2. This appeal concerns land known as Bedmond Lane Field, St Albans. The appellant, Banner Homes Limited (“Banner Homes”) is the owner of the Field. The listing authority is St Albans City and District Council (“the council”). Banner Homes is part of the Banner Homes Group, owned since April 2014 by Cala Group Limited. Banner Homes would like to build on the Field but, since it falls within the metropolitan green belt, it is apparent that (absent a change in planning policy concerning the green belt) such development is unlikely within the near future. Two public footpaths (nos 32 and 95 on the council’s definitive map) run across the Field. Footpath 32 runs essentially along its eastern edge, whilst footpath 95 joins it at right angles, roughly at the Field’s halfway point. The Field comprises 4.83 hectares.

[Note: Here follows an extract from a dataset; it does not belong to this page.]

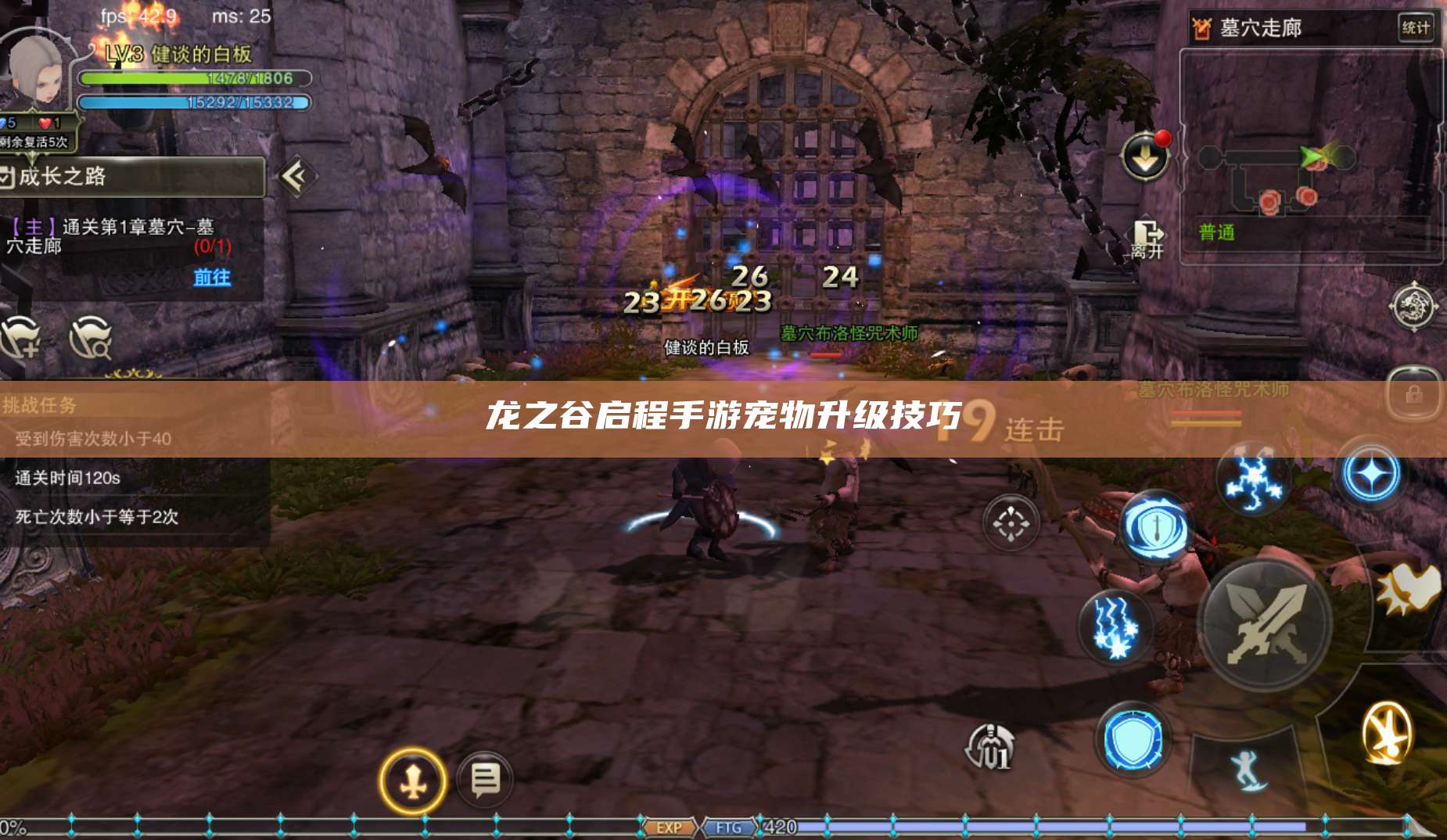 龙之谷启程手游宠物升级技巧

3. Until 2014, the Field had for some 40 years been used by local residents for recreational use, such as walking, exercising dogs, informal play (by local children) and photography of local flora and fauna. Ms Debbi White, Property and Asset Manager of the council, in 2014 observed evidence of such uses in the form of “desire lines” across the Field, away from the public footpaths.
4. On 10 March 2014, the Field was listed by the council as an asset of community value under the Localism Act 2011. On 30 April 2014, Banner Homes’ solicitors requested a review of the decision. That review took place on 26 September 2014. The council’s decision was to maintain the listing. Banner Homes appealed that decision to the First-tier Tribunal.

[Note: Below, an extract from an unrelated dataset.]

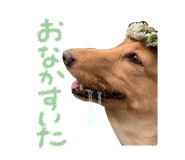844351268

5. A hearing of the appeal took place at Field House on 4 March 2015, when Banner Homes were represented by Mr Douglas Edwards QC and the council was represented by Mr Robin Hopkins. I am very grateful to them for their submissions. The council’s stance was supported at the hearing by Mr Timothy Beecroft of the Residents’ Association.
6. I received written evidence from Mr Paul McCann, on behalf of Banner Homes, Mr Mike Lovelady and Ms Debbi White of the council and Dr Robert Wareing of the Residents’ Association.
7. Section 88(1) and (2) of the 2011 Act provides as follows:-
“88 Land of community value
(1) For the purposes of this Chapter but subject to regulations under subsection (3), a building or other land in a local authority’s area is land of community value if in the opinion of the authority –
(a) an actual current use of the building or other land that is not an ancillary use furthers the social wellbeing or social interests of the local community, and
(b) it is realistic to think that there can continue to be non-ancillary use of the building or other land which will further (whether or not in the same way) the social wellbeing or social interests of the local community.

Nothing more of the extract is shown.